| What to work on |
Write out the material below again, line for line, without any images.

** Collected data follows **

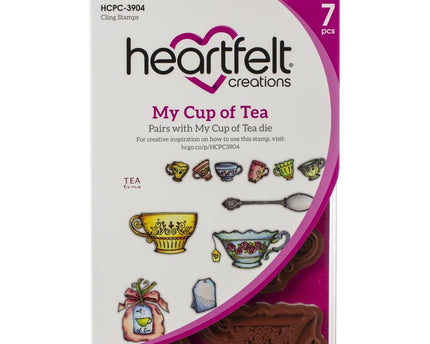 HEARTFELT - SET DE SELLOS MI TAZA DE TÉ 6 PCS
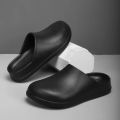 EVA Men Slippers Soft Outdoor Home Women Casual Shoes Non-slip Couple Garden Shoes Waterproof Chef Shoes Nurse Doctor Sandals. 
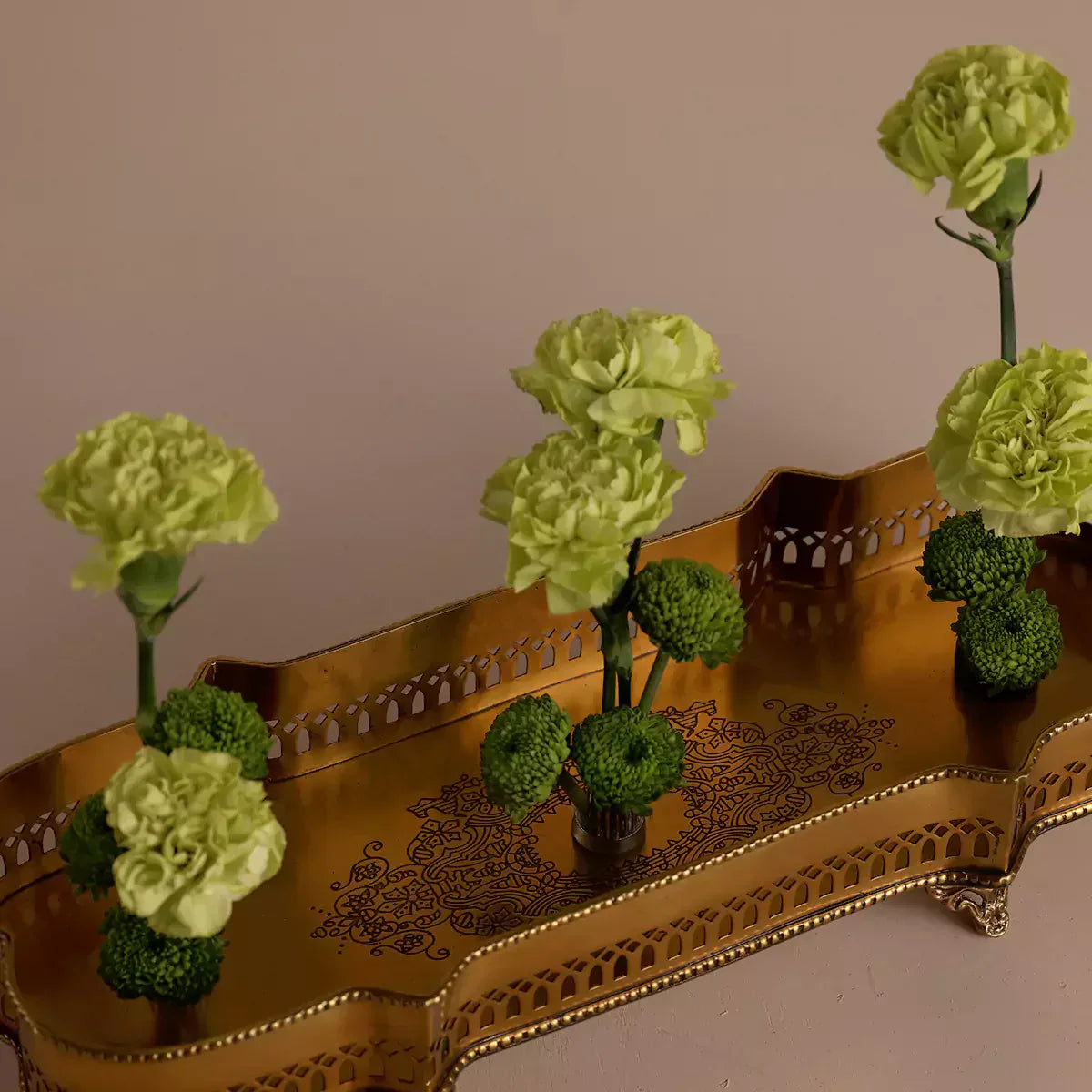 Victorian Rectangular Tray Gold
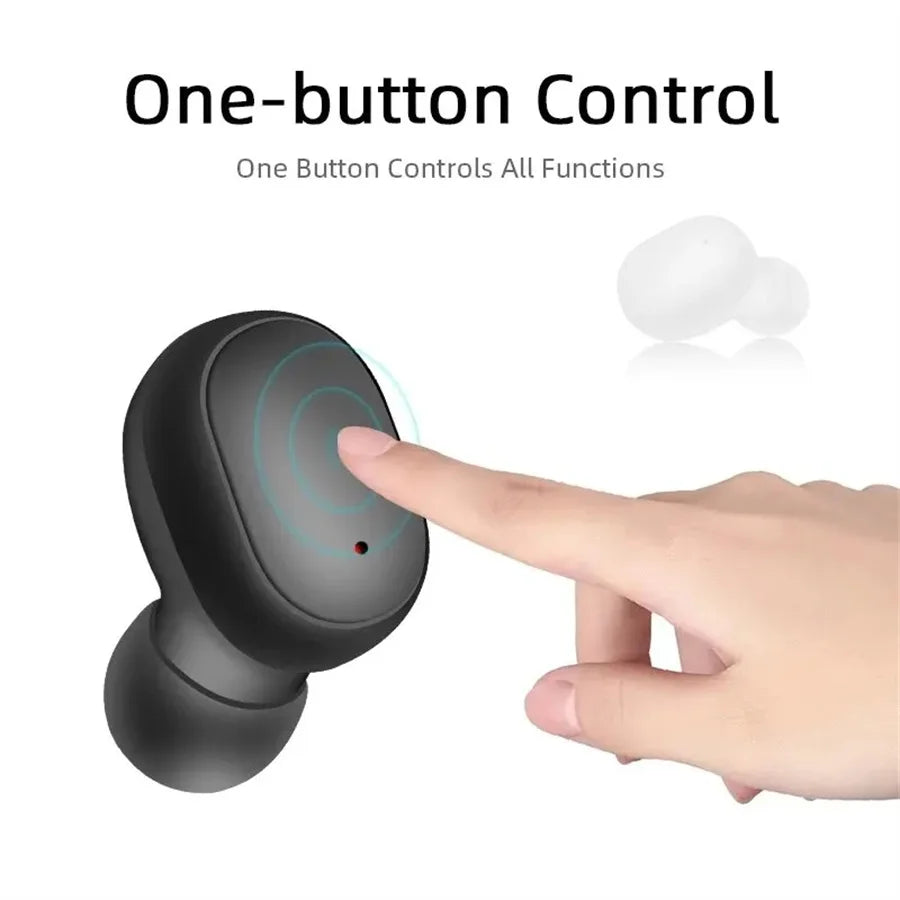 TWS A6S Headset Drahtlose Kopfhörer Bluetooth Kopfhörer Sport LED Display Touch Stereo Fone Bluetooth Ohrhörer für Xiaomi Huawei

** End of Collected data **

| Written reply |
 HEARTFELT - SET DE SELLOS MI TAZA DE TÉ 6 PCS
 EVA Men Slippers Soft Outdoor Home Women Casual Shoes Non-slip Couple Garden Shoes Waterproof Chef Shoes Nurse Doctor Sandals. 
 Victorian Rectangular Tray Gold
 TWS A6S Headset Drahtlose Kopfhörer Bluetooth Kopfhörer Sport LED Display Touch Stereo Fone Bluetooth Ohrhörer für Xiaomi Huawei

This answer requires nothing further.